• [Dataset excerpt]

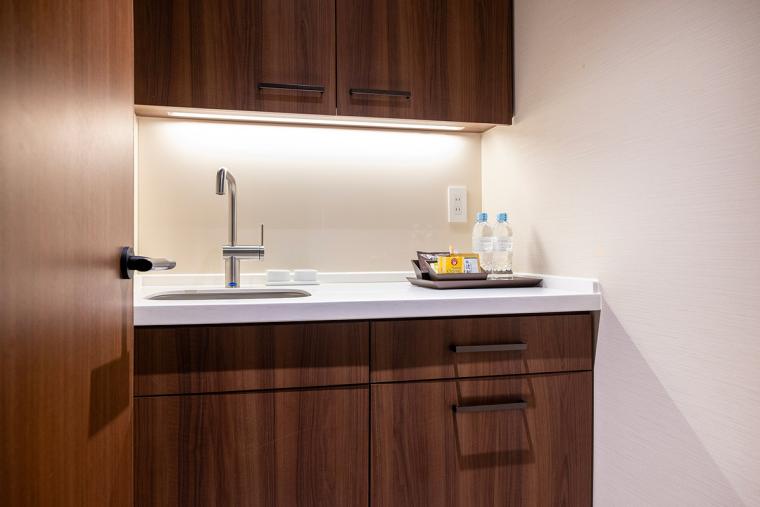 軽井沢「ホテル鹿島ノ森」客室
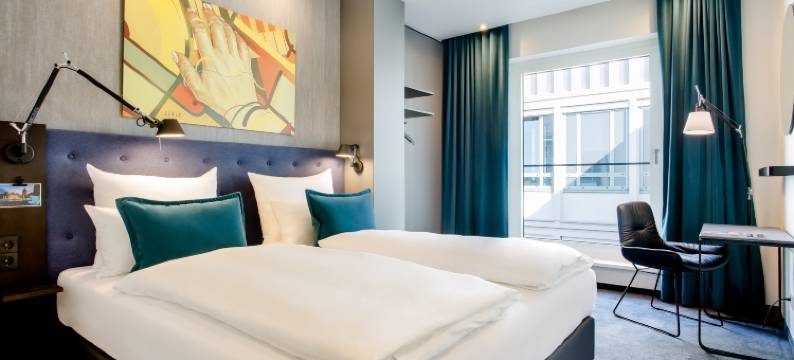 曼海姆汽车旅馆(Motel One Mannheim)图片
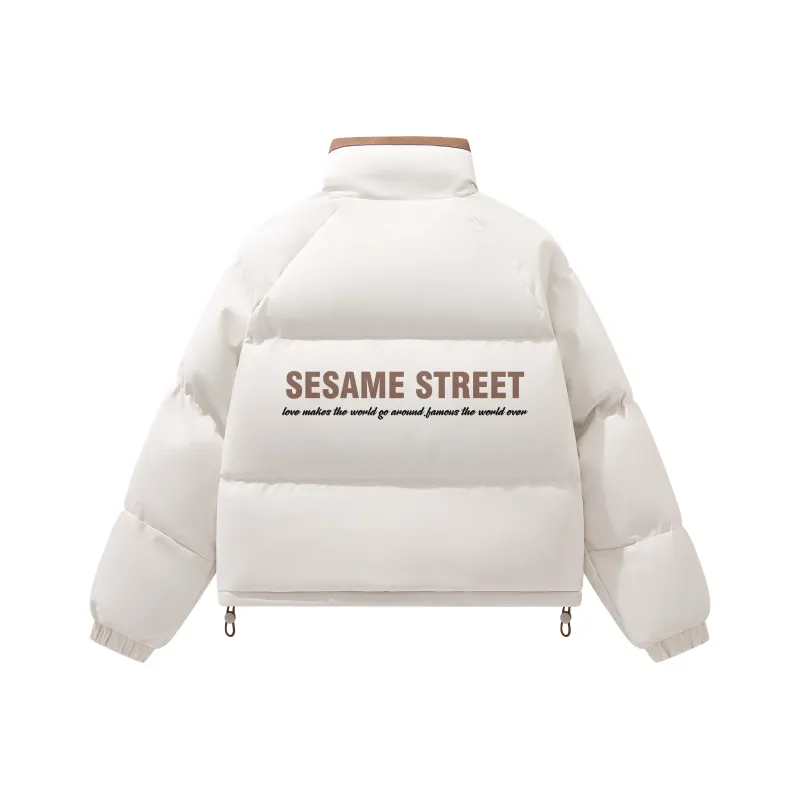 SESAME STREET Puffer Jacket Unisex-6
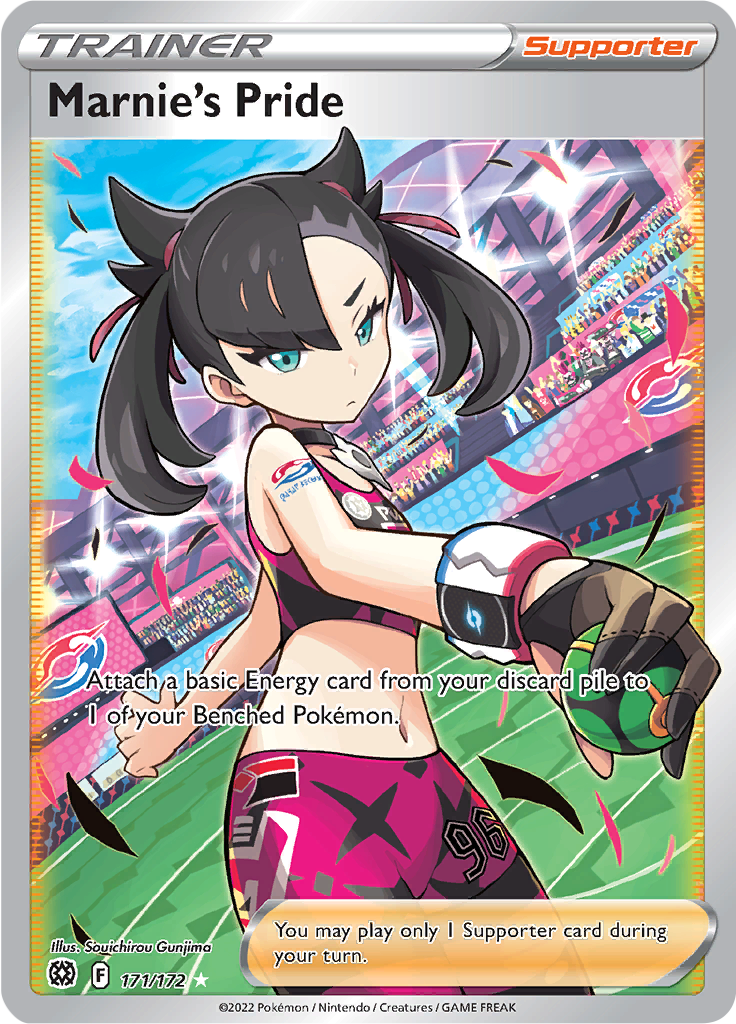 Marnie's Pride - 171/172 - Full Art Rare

• [What you need to do]
Pictures stay out. Return exactly the lines from the one with "SESAME STREET Puffer Jacket Unisex-6" through the last line of the data.

• [Written answer]
 SESAME STREET Puffer Jacket Unisex-6
 Marnie's Pride - 171/172 - Full Art Rare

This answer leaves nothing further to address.